(Data extracted from a collection)
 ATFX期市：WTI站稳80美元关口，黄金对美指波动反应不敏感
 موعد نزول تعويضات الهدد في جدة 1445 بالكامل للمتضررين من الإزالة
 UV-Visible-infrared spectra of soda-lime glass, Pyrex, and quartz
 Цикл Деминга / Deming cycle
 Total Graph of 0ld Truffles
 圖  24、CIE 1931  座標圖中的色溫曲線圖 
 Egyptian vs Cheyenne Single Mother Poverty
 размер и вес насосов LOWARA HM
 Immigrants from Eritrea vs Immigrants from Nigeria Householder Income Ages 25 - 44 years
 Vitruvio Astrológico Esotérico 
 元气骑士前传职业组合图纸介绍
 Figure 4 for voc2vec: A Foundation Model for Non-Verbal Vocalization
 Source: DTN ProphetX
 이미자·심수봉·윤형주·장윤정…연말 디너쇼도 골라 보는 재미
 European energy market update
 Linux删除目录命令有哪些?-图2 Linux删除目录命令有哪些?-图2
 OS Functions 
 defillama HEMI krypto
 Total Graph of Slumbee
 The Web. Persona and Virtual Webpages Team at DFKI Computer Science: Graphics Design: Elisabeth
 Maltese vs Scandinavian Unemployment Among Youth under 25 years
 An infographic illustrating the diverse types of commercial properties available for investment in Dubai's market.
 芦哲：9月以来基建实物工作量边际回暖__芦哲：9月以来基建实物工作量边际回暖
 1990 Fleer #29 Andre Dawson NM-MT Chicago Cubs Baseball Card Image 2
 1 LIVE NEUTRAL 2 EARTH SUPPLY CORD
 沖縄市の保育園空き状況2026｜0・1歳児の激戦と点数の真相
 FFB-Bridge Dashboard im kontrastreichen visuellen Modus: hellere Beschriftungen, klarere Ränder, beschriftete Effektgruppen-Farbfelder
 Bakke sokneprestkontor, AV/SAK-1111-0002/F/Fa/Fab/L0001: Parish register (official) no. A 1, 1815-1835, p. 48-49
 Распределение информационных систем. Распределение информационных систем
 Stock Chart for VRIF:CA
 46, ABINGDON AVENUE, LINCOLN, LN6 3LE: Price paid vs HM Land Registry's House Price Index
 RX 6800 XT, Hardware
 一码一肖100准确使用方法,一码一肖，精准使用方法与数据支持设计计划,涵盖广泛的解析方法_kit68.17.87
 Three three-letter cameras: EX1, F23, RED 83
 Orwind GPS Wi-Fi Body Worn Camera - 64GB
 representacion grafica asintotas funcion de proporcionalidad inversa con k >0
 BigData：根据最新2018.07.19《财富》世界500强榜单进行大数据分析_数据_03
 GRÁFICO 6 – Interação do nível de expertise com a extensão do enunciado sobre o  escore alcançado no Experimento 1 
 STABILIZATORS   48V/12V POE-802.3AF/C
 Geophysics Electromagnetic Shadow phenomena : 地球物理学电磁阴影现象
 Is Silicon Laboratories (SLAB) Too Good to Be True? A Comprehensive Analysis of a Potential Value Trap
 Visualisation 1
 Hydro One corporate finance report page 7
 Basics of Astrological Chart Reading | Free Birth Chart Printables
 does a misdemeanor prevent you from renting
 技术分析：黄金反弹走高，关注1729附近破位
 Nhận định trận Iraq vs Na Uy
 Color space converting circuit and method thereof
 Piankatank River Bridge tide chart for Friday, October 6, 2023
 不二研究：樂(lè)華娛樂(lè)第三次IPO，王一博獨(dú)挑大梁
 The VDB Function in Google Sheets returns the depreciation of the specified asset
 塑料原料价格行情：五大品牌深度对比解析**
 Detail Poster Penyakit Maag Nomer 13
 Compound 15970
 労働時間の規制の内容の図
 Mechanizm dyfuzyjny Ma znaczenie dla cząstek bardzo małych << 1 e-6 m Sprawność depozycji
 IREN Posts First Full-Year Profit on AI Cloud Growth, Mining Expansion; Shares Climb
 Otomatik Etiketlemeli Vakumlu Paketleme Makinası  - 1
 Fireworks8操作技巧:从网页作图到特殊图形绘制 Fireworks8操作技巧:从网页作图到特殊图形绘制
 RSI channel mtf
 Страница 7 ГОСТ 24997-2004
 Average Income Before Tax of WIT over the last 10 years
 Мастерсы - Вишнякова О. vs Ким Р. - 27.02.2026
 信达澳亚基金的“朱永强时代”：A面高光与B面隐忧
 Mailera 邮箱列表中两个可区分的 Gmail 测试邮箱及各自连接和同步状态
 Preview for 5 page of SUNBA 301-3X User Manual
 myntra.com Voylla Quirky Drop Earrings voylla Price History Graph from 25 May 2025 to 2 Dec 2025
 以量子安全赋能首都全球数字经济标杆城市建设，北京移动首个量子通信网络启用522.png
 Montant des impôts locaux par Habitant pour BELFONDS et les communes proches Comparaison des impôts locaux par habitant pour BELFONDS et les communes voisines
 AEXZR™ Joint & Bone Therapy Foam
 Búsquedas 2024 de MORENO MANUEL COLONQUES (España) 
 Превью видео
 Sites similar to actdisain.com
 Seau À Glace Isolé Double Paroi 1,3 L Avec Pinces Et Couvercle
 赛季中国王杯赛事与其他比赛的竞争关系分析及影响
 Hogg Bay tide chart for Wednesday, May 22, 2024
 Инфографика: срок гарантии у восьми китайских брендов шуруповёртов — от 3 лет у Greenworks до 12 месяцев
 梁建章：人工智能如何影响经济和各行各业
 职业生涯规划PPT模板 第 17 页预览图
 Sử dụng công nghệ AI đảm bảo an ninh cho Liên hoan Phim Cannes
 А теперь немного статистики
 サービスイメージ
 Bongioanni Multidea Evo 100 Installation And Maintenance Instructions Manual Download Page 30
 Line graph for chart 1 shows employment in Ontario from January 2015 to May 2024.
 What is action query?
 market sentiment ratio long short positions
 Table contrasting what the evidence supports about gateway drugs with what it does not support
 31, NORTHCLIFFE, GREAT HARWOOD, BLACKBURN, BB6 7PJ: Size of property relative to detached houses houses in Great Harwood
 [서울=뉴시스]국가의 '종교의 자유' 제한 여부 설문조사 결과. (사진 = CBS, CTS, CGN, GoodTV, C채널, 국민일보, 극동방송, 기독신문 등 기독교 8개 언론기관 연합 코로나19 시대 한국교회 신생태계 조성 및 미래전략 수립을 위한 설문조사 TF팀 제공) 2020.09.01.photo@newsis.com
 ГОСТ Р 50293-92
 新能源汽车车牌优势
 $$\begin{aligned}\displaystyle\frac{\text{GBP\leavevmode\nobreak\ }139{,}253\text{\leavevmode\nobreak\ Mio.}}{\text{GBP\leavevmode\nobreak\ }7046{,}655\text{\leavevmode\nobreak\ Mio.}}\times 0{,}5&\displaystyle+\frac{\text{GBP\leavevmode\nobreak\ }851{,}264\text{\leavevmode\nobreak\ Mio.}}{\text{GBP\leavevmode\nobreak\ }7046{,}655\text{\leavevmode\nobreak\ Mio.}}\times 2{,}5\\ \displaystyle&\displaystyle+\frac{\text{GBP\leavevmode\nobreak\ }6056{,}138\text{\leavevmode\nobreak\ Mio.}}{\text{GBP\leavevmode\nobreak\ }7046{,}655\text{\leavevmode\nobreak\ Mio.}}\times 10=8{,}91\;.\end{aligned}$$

Assigned task: Print all the data exactly as shown above.

Expected output:
 ATFX期市：WTI站稳80美元关口，黄金对美指波动反应不敏感
 موعد نزول تعويضات الهدد في جدة 1445 بالكامل للمتضررين من الإزالة
 UV-Visible-infrared spectra of soda-lime glass, Pyrex, and quartz
 Цикл Деминга / Deming cycle
 Total Graph of 0ld Truffles
 圖  24、CIE 1931  座標圖中的色溫曲線圖 
 Egyptian vs Cheyenne Single Mother Poverty
 размер и вес насосов LOWARA HM
 Immigrants from Eritrea vs Immigrants from Nigeria Householder Income Ages 25 - 44 years
 Vitruvio Astrológico Esotérico 
 元气骑士前传职业组合图纸介绍
 Figure 4 for voc2vec: A Foundation Model for Non-Verbal Vocalization
 Source: DTN ProphetX
 이미자·심수봉·윤형주·장윤정…연말 디너쇼도 골라 보는 재미
 European energy market update
 Linux删除目录命令有哪些?-图2 Linux删除目录命令有哪些?-图2
 OS Functions 
 defillama HEMI krypto
 Total Graph of Slumbee
 The Web. Persona and Virtual Webpages Team at DFKI Computer Science: Graphics Design: Elisabeth
 Maltese vs Scandinavian Unemployment Among Youth under 25 years
 An infographic illustrating the diverse types of commercial properties available for investment in Dubai's market.
 芦哲：9月以来基建实物工作量边际回暖__芦哲：9月以来基建实物工作量边际回暖
 1990 Fleer #29 Andre Dawson NM-MT Chicago Cubs Baseball Card Image 2
 1 LIVE NEUTRAL 2 EARTH SUPPLY CORD
 沖縄市の保育園空き状況2026｜0・1歳児の激戦と点数の真相
 FFB-Bridge Dashboard im kontrastreichen visuellen Modus: hellere Beschriftungen, klarere Ränder, beschriftete Effektgruppen-Farbfelder
 Bakke sokneprestkontor, AV/SAK-1111-0002/F/Fa/Fab/L0001: Parish register (official) no. A 1, 1815-1835, p. 48-49
 Распределение информационных систем. Распределение информационных систем
 Stock Chart for VRIF:CA
 46, ABINGDON AVENUE, LINCOLN, LN6 3LE: Price paid vs HM Land Registry's House Price Index
 RX 6800 XT, Hardware
 一码一肖100准确使用方法,一码一肖，精准使用方法与数据支持设计计划,涵盖广泛的解析方法_kit68.17.87
 Three three-letter cameras: EX1, F23, RED 83
 Orwind GPS Wi-Fi Body Worn Camera - 64GB
 representacion grafica asintotas funcion de proporcionalidad inversa con k >0
 BigData：根据最新2018.07.19《财富》世界500强榜单进行大数据分析_数据_03
 GRÁFICO 6 – Interação do nível de expertise com a extensão do enunciado sobre o  escore alcançado no Experimento 1 
 STABILIZATORS   48V/12V POE-802.3AF/C
 Geophysics Electromagnetic Shadow phenomena : 地球物理学电磁阴影现象
 Is Silicon Laboratories (SLAB) Too Good to Be True? A Comprehensive Analysis of a Potential Value Trap
 Visualisation 1
 Hydro One corporate finance report page 7
 Basics of Astrological Chart Reading | Free Birth Chart Printables
 does a misdemeanor prevent you from renting
 技术分析：黄金反弹走高，关注1729附近破位
 Nhận định trận Iraq vs Na Uy
 Color space converting circuit and method thereof
 Piankatank River Bridge tide chart for Friday, October 6, 2023
 不二研究：樂(lè)華娛樂(lè)第三次IPO，王一博獨(dú)挑大梁
 The VDB Function in Google Sheets returns the depreciation of the specified asset
 塑料原料价格行情：五大品牌深度对比解析**
 Detail Poster Penyakit Maag Nomer 13
 Compound 15970
 労働時間の規制の内容の図
 Mechanizm dyfuzyjny Ma znaczenie dla cząstek bardzo małych << 1 e-6 m Sprawność depozycji
 IREN Posts First Full-Year Profit on AI Cloud Growth, Mining Expansion; Shares Climb
 Otomatik Etiketlemeli Vakumlu Paketleme Makinası  - 1
 Fireworks8操作技巧:从网页作图到特殊图形绘制 Fireworks8操作技巧:从网页作图到特殊图形绘制
 RSI channel mtf
 Страница 7 ГОСТ 24997-2004
 Average Income Before Tax of WIT over the last 10 years
 Мастерсы - Вишнякова О. vs Ким Р. - 27.02.2026
 信达澳亚基金的“朱永强时代”：A面高光与B面隐忧
 Mailera 邮箱列表中两个可区分的 Gmail 测试邮箱及各自连接和同步状态
 Preview for 5 page of SUNBA 301-3X User Manual
 myntra.com Voylla Quirky Drop Earrings voylla Price History Graph from 25 May 2025 to 2 Dec 2025
 以量子安全赋能首都全球数字经济标杆城市建设，北京移动首个量子通信网络启用522.png
 Montant des impôts locaux par Habitant pour BELFONDS et les communes proches Comparaison des impôts locaux par habitant pour BELFONDS et les communes voisines
 AEXZR™ Joint & Bone Therapy Foam
 Búsquedas 2024 de MORENO MANUEL COLONQUES (España) 
 Превью видео
 Sites similar to actdisain.com
 Seau À Glace Isolé Double Paroi 1,3 L Avec Pinces Et Couvercle
 赛季中国王杯赛事与其他比赛的竞争关系分析及影响
 Hogg Bay tide chart for Wednesday, May 22, 2024
 Инфографика: срок гарантии у восьми китайских брендов шуруповёртов — от 3 лет у Greenworks до 12 месяцев
 梁建章：人工智能如何影响经济和各行各业
 职业生涯规划PPT模板 第 17 页预览图
 Sử dụng công nghệ AI đảm bảo an ninh cho Liên hoan Phim Cannes
 А теперь немного статистики
 サービスイメージ
 Bongioanni Multidea Evo 100 Installation And Maintenance Instructions Manual Download Page 30
 Line graph for chart 1 shows employment in Ontario from January 2015 to May 2024.
 What is action query?
 market sentiment ratio long short positions
 Table contrasting what the evidence supports about gateway drugs with what it does not support
 31, NORTHCLIFFE, GREAT HARWOOD, BLACKBURN, BB6 7PJ: Size of property relative to detached houses houses in Great Harwood
 [서울=뉴시스]국가의 '종교의 자유' 제한 여부 설문조사 결과. (사진 = CBS, CTS, CGN, GoodTV, C채널, 국민일보, 극동방송, 기독신문 등 기독교 8개 언론기관 연합 코로나19 시대 한국교회 신생태계 조성 및 미래전략 수립을 위한 설문조사 TF팀 제공) 2020.09.01.photo@newsis.com
 ГОСТ Р 50293-92
 新能源汽车车牌优势
 $$\begin{aligned}\displaystyle\frac{\text{GBP\leavevmode\nobreak\ }139{,}253\text{\leavevmode\nobreak\ Mio.}}{\text{GBP\leavevmode\nobreak\ }7046{,}655\text{\leavevmode\nobreak\ Mio.}}\times 0{,}5&\displaystyle+\frac{\text{GBP\leavevmode\nobreak\ }851{,}264\text{\leavevmode\nobreak\ Mio.}}{\text{GBP\leavevmode\nobreak\ }7046{,}655\text{\leavevmode\nobreak\ Mio.}}\times 2{,}5\\ \displaystyle&\displaystyle+\frac{\text{GBP\leavevmode\nobreak\ }6056{,}138\text{\leavevmode\nobreak\ Mio.}}{\text{GBP\leavevmode\nobreak\ }7046{,}655\text{\leavevmode\nobreak\ Mio.}}\times 10=8{,}91\;.\end{aligned}$$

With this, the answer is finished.